Fijate que los travestis de la realidad son varones, y varones son
sus
clientes que debajo del atuendo femenino se encuentran con un
pito. Los
clientes que acuden en tropel son nuestros varones argentinos que
hacen una
especie de transacción: se levantan a una mina espectacular que,
como te
decía, tiene pito. No es como ser gay y buscarse a un muchacho
musculoso. Es
una zona muy oculta, muy secreta la de los clientes".

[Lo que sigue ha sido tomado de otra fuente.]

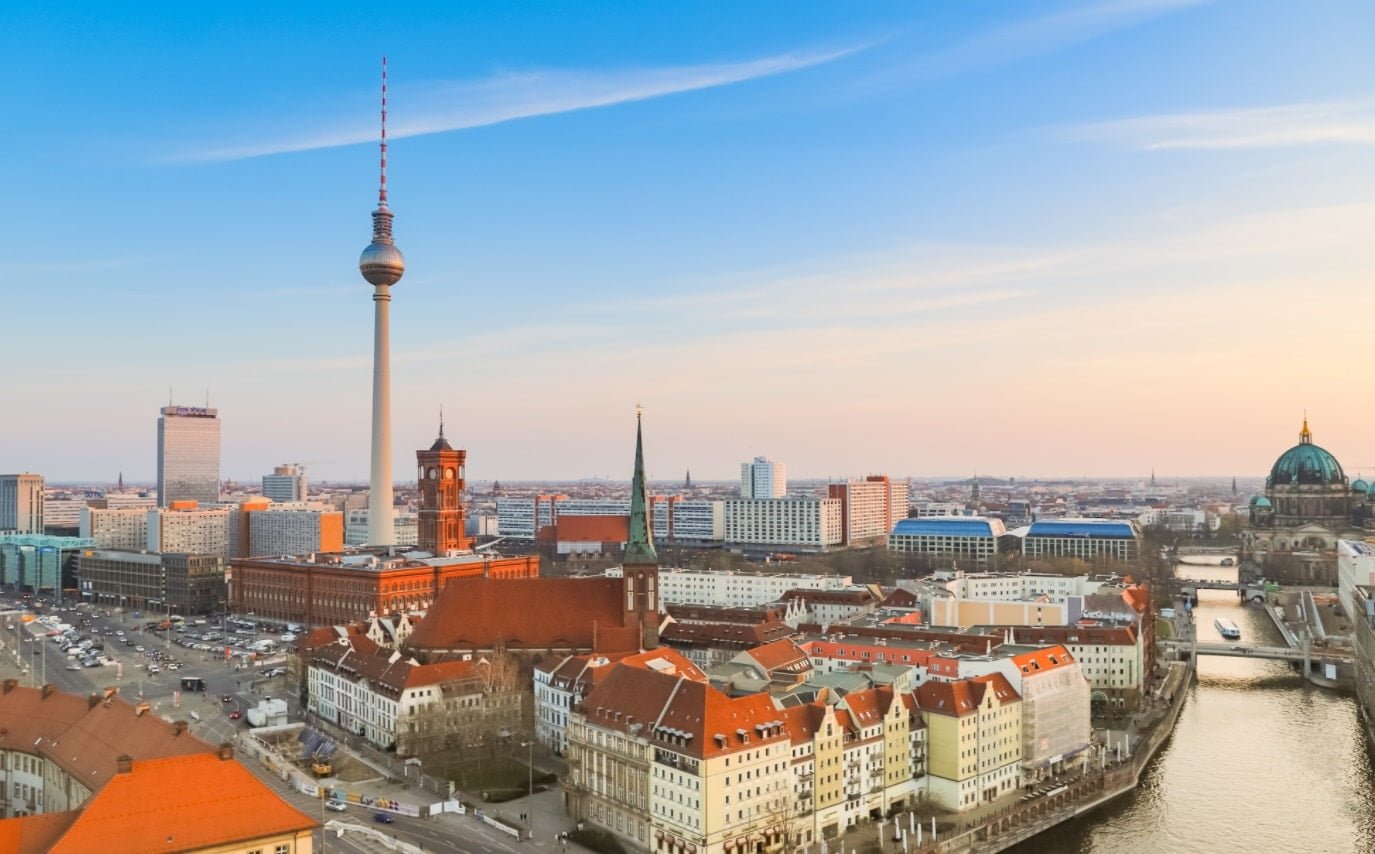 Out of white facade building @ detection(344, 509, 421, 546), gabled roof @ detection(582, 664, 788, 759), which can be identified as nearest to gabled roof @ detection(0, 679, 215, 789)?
gabled roof @ detection(582, 664, 788, 759)

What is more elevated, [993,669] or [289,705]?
[993,669]

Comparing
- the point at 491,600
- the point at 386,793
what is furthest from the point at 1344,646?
the point at 386,793

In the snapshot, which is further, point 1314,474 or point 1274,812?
point 1314,474

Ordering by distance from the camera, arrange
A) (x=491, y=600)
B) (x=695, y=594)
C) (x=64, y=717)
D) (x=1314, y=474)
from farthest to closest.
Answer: (x=1314, y=474) < (x=695, y=594) < (x=491, y=600) < (x=64, y=717)

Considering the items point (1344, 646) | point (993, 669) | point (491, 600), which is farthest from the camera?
point (1344, 646)

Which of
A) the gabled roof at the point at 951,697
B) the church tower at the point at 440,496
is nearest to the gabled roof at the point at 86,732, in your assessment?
the gabled roof at the point at 951,697

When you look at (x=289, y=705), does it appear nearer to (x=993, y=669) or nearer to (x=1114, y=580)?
(x=993, y=669)

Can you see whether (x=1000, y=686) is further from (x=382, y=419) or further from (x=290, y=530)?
(x=290, y=530) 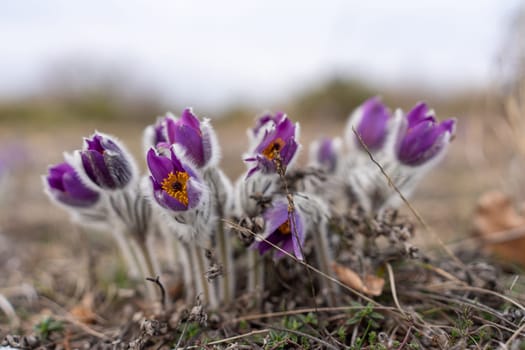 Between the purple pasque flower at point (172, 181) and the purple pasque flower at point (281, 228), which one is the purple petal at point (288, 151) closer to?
the purple pasque flower at point (281, 228)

En opinión del psicoanalista Inda, de lo que se trata por parte de
los
travestis -incluidos los que tienen cierto éxito en el
espectáculo- no es de
ser una mujer sino "la" mujer: "Todo agregado: más alta, más
curvas, más
brillo, más cocoliche. Como una hipertrofia de mujer. La teórica
norteamericana Judith Butler, cuando habla del drag queen resalta
el fenómeno
de la simulación, pero no de un original sino de un ideal de
género, un
hipergénero. Así como se ha hablado en otros casos de experimentos
de la
naturaleza, a mí me parece oportuno en el tema de los travestis
encarar la
posibilidad de experimentos de la cultura. Los estudios de género
que en
cierto modo se diferencian de toda la narrativa de Freud y del
psicoanálisis
hablan de que nuestra identidad primaria, tanto de varones como de
mujeres, es
una protofeminidad. El primer otro, tanto para vos como para mí,
fue una
mujer. El primer cuerpo que nos sirvió de espejo fue un cuerpo de
mujer,
percibimos olores, secreciones de mujer. Esto importa una especie
de
identificación que en el caso de una mujer se continúa en una
línea
ininterrumpida, aunque te pelees con tu madre".
¿Qué pasa cuando las imitaciones, sobre todo en la tele, se
convierten en
escarnio?
"Me parece que ciertas exageraciones, aparte de ser una
injuria,
están diciendo que hay algo de la mujer de lo que se quieren
apropiar. Creo
que en este movimiento tipo Miguel del Sel hay como un canal de
permiso, pero
en ese mismo trámite de hacerlo tan exacerbado, se retorna al
prejuicio: estoy
haciendo de mujer, pero de loca. Yo terminaba una charla diciendo
que tratar
de adquirir una entidad de género coherente siempre implica una
amputación, la
anulación de una parte de sí. Pertenecer a un género sólidamente
establecido
tiene sus costos. Y me preguntaba si serán los travestis y sus
clientes
formatos posibles de recuperar una sexualidad menos atada al sexo
biológico y
al género planteados en forma dicotómica."